Many firms plan to manage this risk in the repo market, where they can exchange ineligible securities for cash. Others are taking a different path – cutting their use of swaps, or selling ineligible securities so they can hold a cash buffer.

Aberdeen Asset Management is one example. The firm has already started reducing swaps exposure in favour of bonds in some well-funded liability-driven investment (LDI) portfolios. “Sourcing duration through swaps will be a much more expensive exercise. Initial margin will eventually be required both in clearing and in the bilateral space, and clearing houses require variation margin to be paid with cash – but raising cash in the repo market or holding higher cash balances reduces portfolio returns. In some cases it makes sense to get duration from alternative instruments such as long-dated gilts and linkers,” says Stephen Booth, the company’s London-based global head of fixed-income derivatives.

Legal & General Investment Management (LGIM), meanwhile, has built cash buffers into some of its credit funds, which originally comprised highly rated corporate bonds, plus a duration overlay made up of interest rate or inflation swaps. “We had a lot of credit funds, and were able to post the corporate bonds as collateral when trading bilaterally, but this won’t work in the future. So we’ve had to allocate a portion of fund assets to cash or gilts to meet margin calls on the swaps,” says Simon Wilkinson, the firm’s head of LDI.

Both approaches have problems. Long-dated bonds are a less precise hedge for duration risk than over-the-counter swaps, according to some market participants, while running a buffer of cash instead of being fully invested in securities means giving up returns – possibly as much as a full percentage point, according to PGGM, a Dutch pension fund that has looked at, and rejected, the idea.

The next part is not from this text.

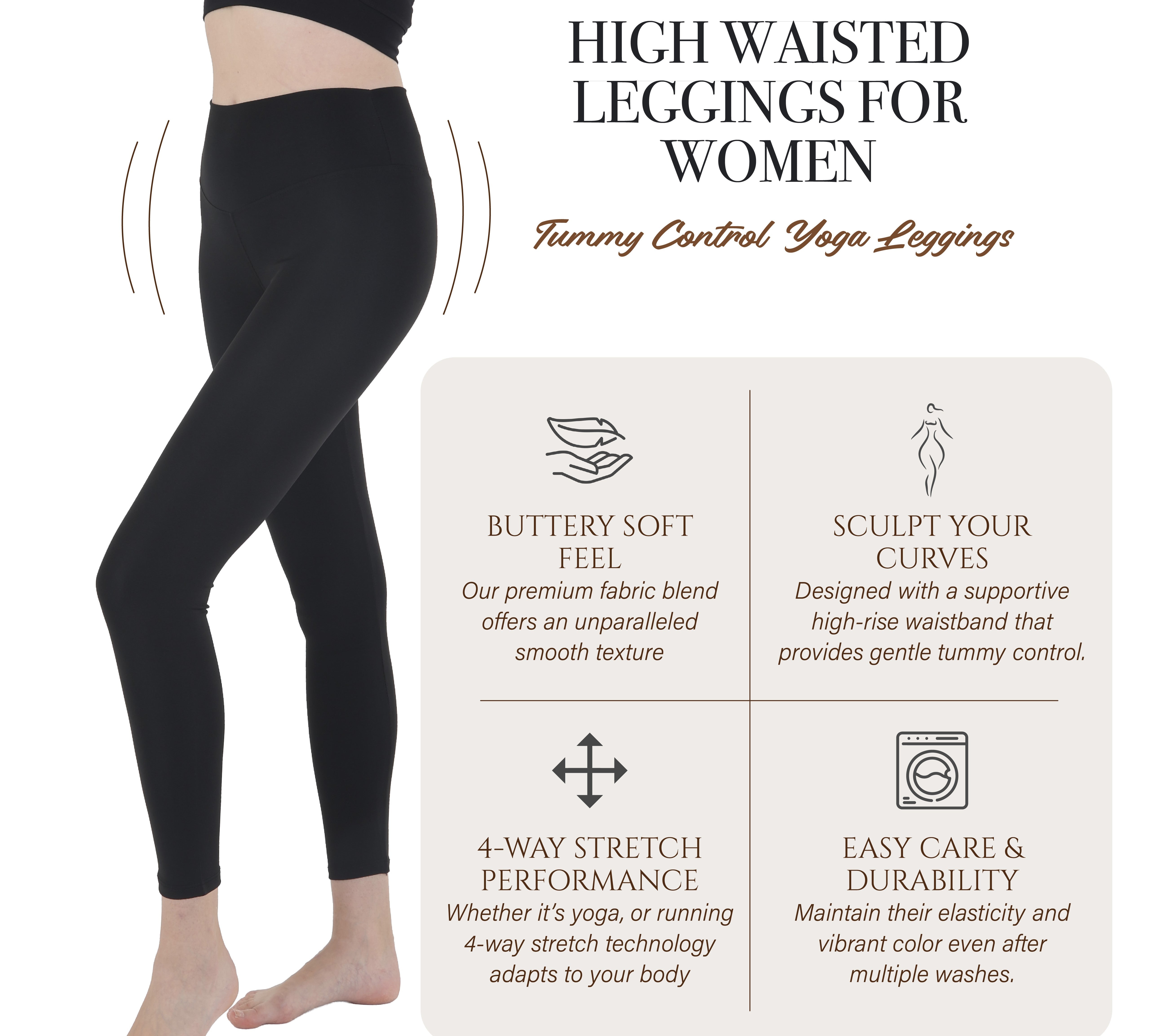 Women's High-Waist Seamless Leggings, Sports, Yoga and Running Leggings with Tummy Control, Butt Shaping, Soft Stretch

###### We've had to allocate a portion of fund assets to cash or gilts to meet margin calls on the swaps

Which might make it seem like the repo market is the better choice. And for many funds, it is – as long as it works. The big fear is that, constrained by regulation and faced with surging demand for cash, the market will break down when it is most needed – unable to handle the funds’ liquidity needs.

“The macro viability of this regime has not been thought through properly,” says Henrik Olejasz Larsen, chief investment officer at Danish pension fund Sampension in Copenhagen. “Central clearing will force huge numbers of swap users to rely on the repo market, which is going to create further inter-linkages, and it remains to be seen whether the market will be able to support all these users hitting the market at once looking to transform their assets.”

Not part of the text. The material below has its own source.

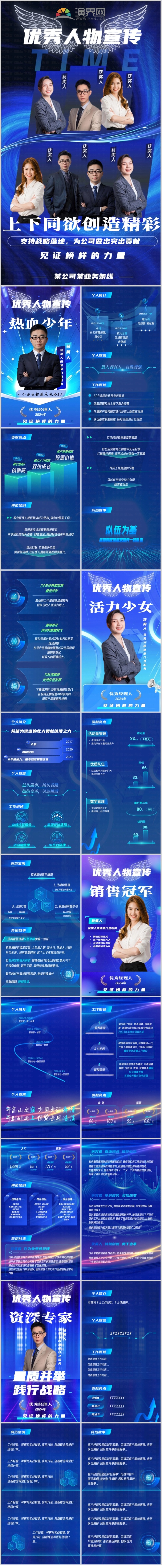 2024年年終總結慶典頒獎榮譽晚宴頒獎優(yōu)秀獲獎人物宣傳H5海報PPT模板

Larsen says the fund has €20 million of PV01 – the per-basis-point sensitivity to interest rates. If the entire swap portfolio was backloaded into a CCP, Sampension has enough liquid assets available to cope with a catastrophic 500-basis-point rise in rates – but only if it is able to repo those assets, he adds.

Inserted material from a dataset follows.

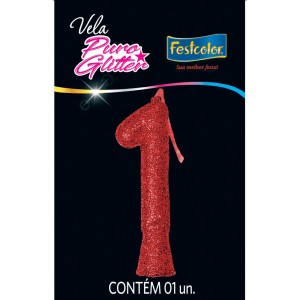 Vela Puro Glitter Vermelha Nº1 Com 10 Unidades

Strictly speaking, none of this is new – funds have been warning for some time that central clearing essentially switches counterparty risk with liquidity risk – but the dangers now feel more real. In Europe, mandatory clearing is supposed to start for at least some market participants in 2014, although it may slip into 2015 (Risk November 2013, pages 16–19). And this year has seen the first significant run-up in market interest rates for some time, with the prospect of more to follow.

For now, European pension funds are protected by a temporary clearing exemption, which is set to expire in August 2015 and could be extended for a further three years. But they are being protected during a period when the majority of their positions are significantly in-the-money – the result of record low central bank rates. By the time the exemption expires, that is likely to have changed.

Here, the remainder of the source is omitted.